---------- MATERIAL SUPPLIED ----------

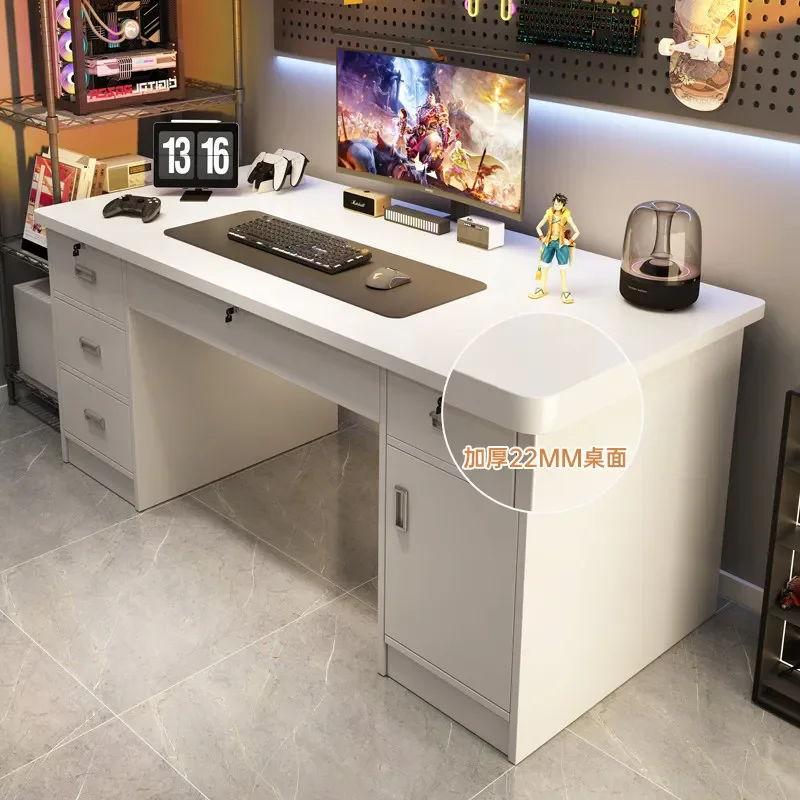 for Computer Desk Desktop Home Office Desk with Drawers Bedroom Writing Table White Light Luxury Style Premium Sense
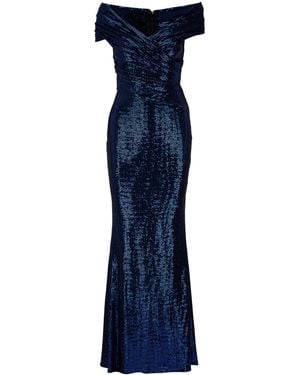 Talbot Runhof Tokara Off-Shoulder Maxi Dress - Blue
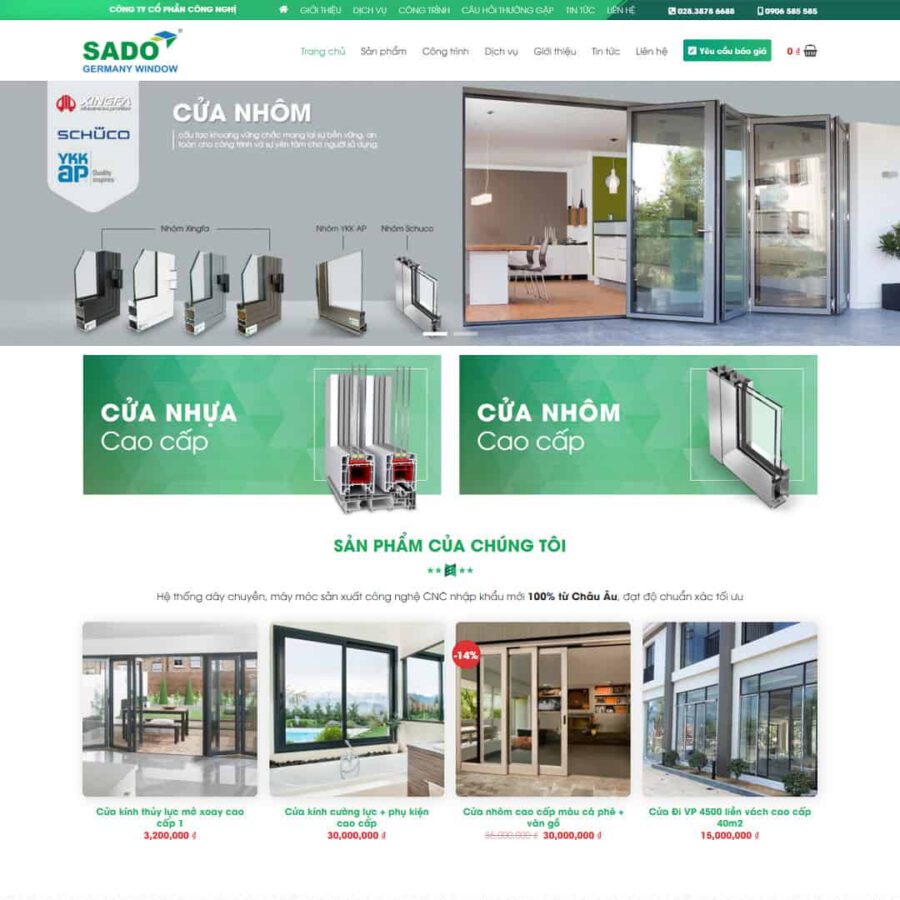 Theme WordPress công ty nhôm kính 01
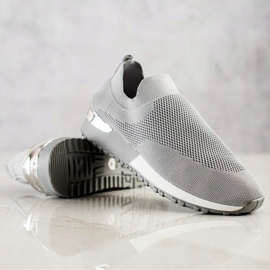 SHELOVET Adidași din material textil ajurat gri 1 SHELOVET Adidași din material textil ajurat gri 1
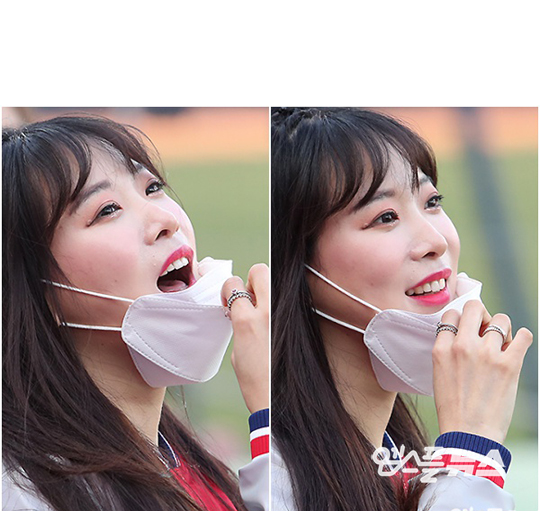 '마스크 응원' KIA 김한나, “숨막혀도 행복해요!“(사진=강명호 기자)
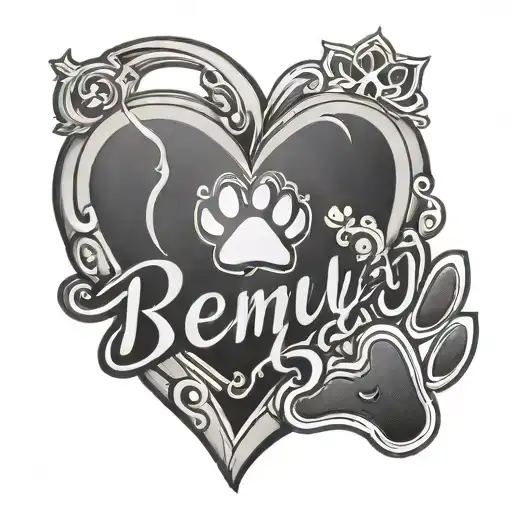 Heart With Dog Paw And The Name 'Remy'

----------

» **WHAT IS NEEDED**: Return every entry unchanged and skip the pictures.

» **RESPONSE BELOW**:
 for Computer Desk Desktop Home Office Desk with Drawers Bedroom Writing Table White Light Luxury Style Premium Sense
 Talbot Runhof Tokara Off-Shoulder Maxi Dress - Blue
 Theme WordPress công ty nhôm kính 01
 SHELOVET Adidași din material textil ajurat gri 1 SHELOVET Adidași din material textil ajurat gri 1
 '마스크 응원' KIA 김한나, “숨막혀도 행복해요!“(사진=강명호 기자)
 Heart With Dog Paw And The Name 'Remy'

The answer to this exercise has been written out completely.